For every line in the material, output its text exactly and exclude any image it holds.

Record set:
»»
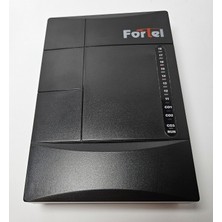 Fortel Telefon Santralı Z308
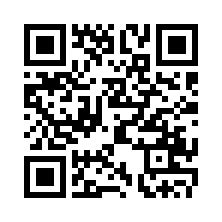 QR Code for bitcoin:1QKsuBVm3FB5cLNE6pDRC1P71cSY7K8BAW
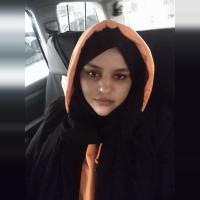 Asiya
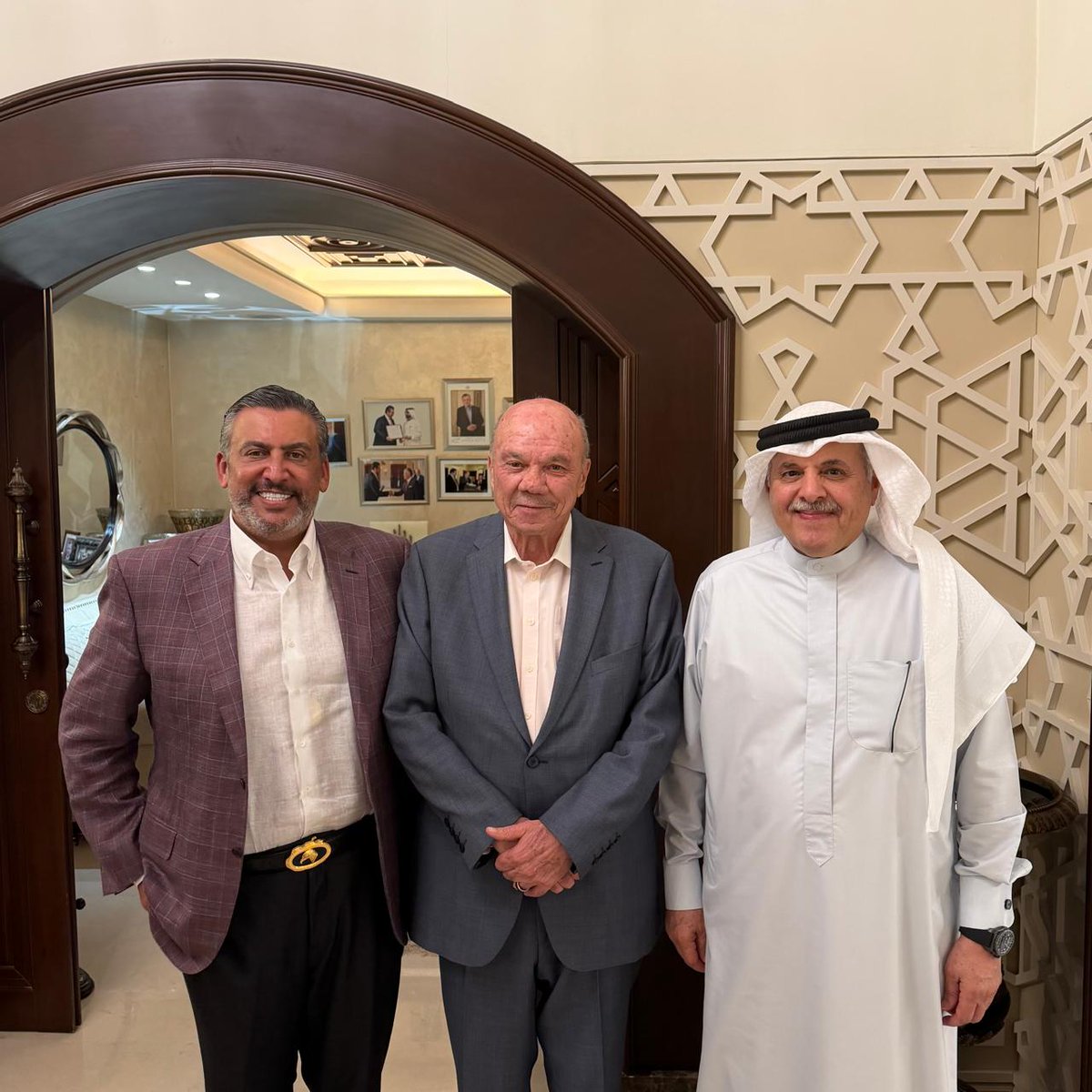 BahrainEmbJO tweet picture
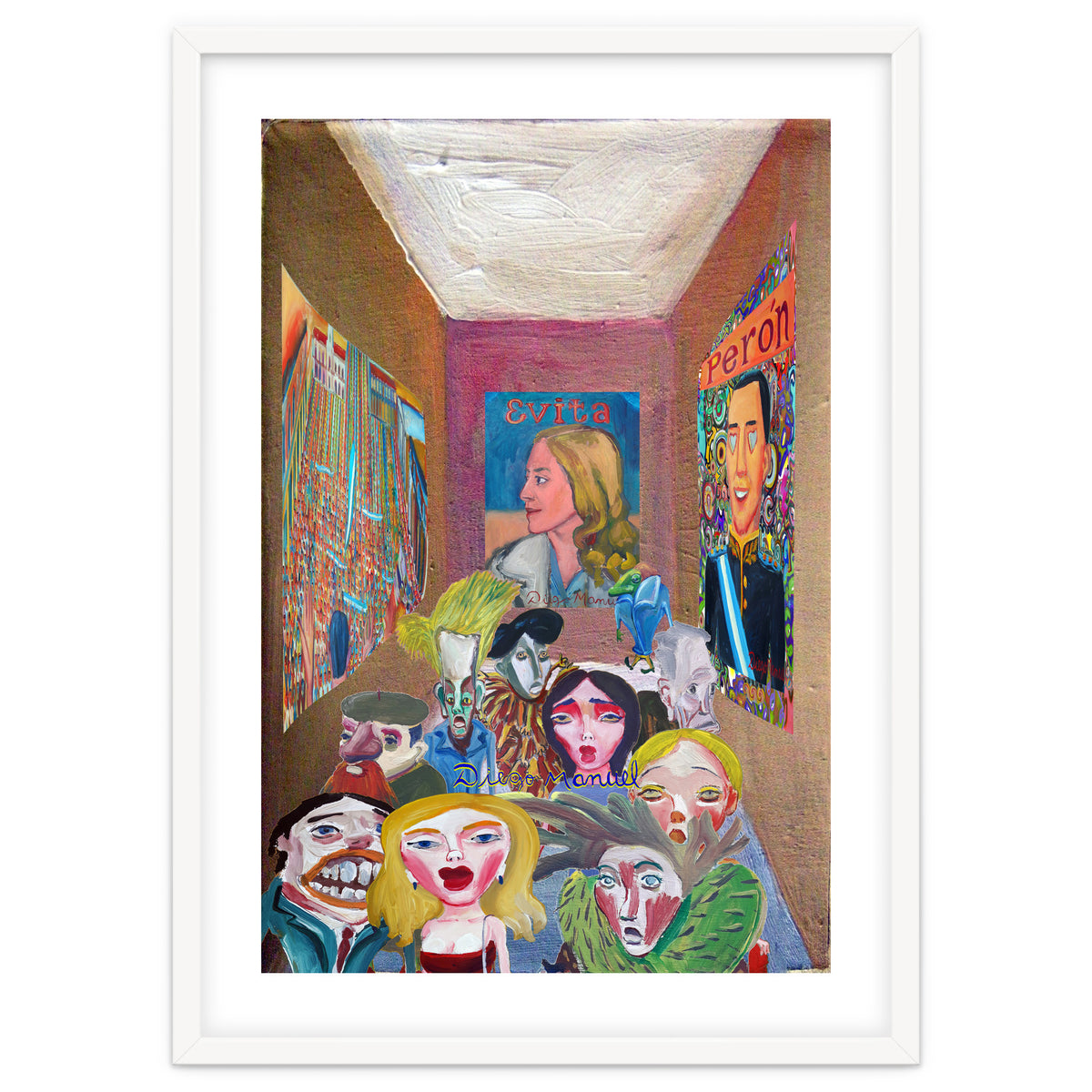 Graffiti Digital 2022 958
««
Exercise answer:
 Fortel Telefon Santralı Z308
 QR Code for bitcoin:1QKsuBVm3FB5cLNE6pDRC1P71cSY7K8BAW
 Asiya
 BahrainEmbJO tweet picture
 Graffiti Digital 2022 958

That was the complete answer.